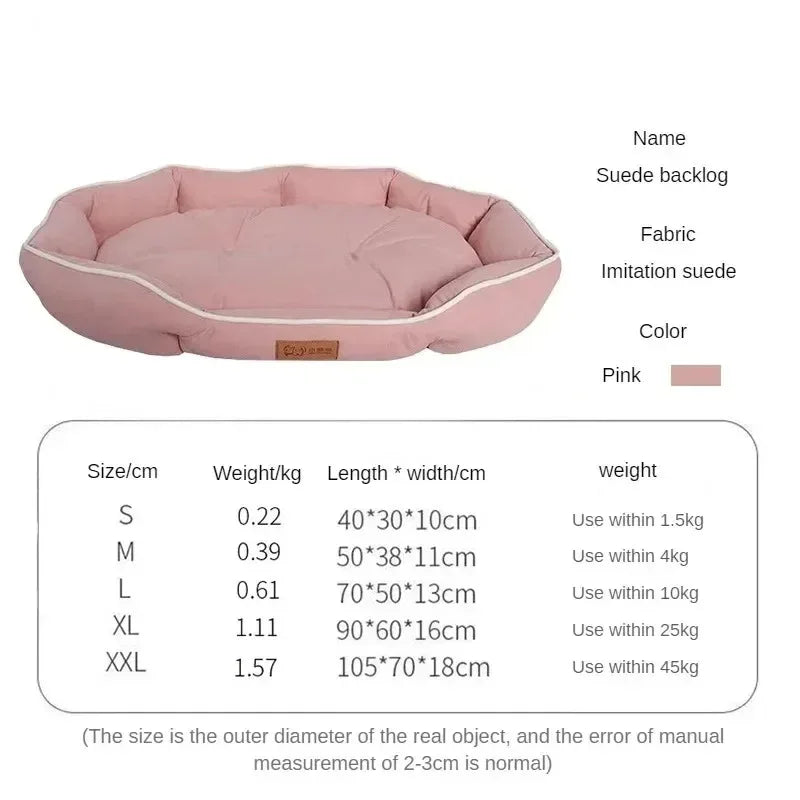 Plush Donut Dog Bed with Raised Edges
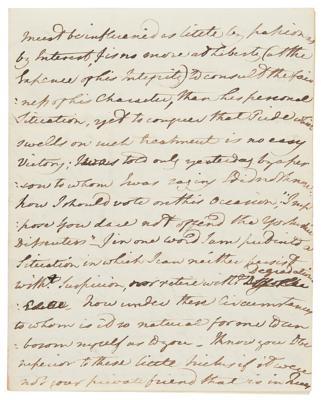 Lot #123 William Wilberforce Autograph Letter Signed on Politics and Abolition: 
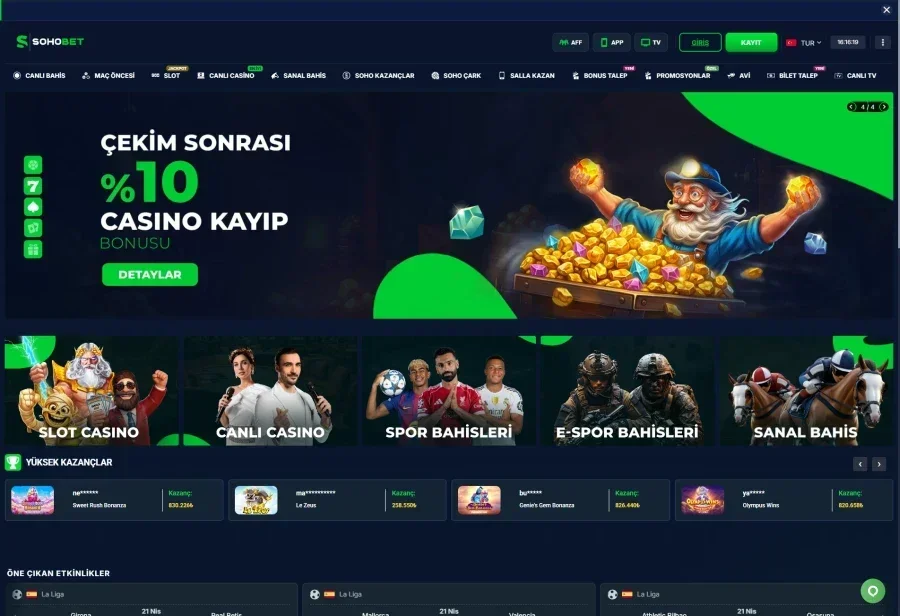 Sohobet ekran görüntüsü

** Problem requirements **
The material above is to be transcribed exactly, with its images omitted.

** Expected answer **
 Plush Donut Dog Bed with Raised Edges
 Lot #123 William Wilberforce Autograph Letter Signed on Politics and Abolition: 
 Sohobet ekran görüntüsü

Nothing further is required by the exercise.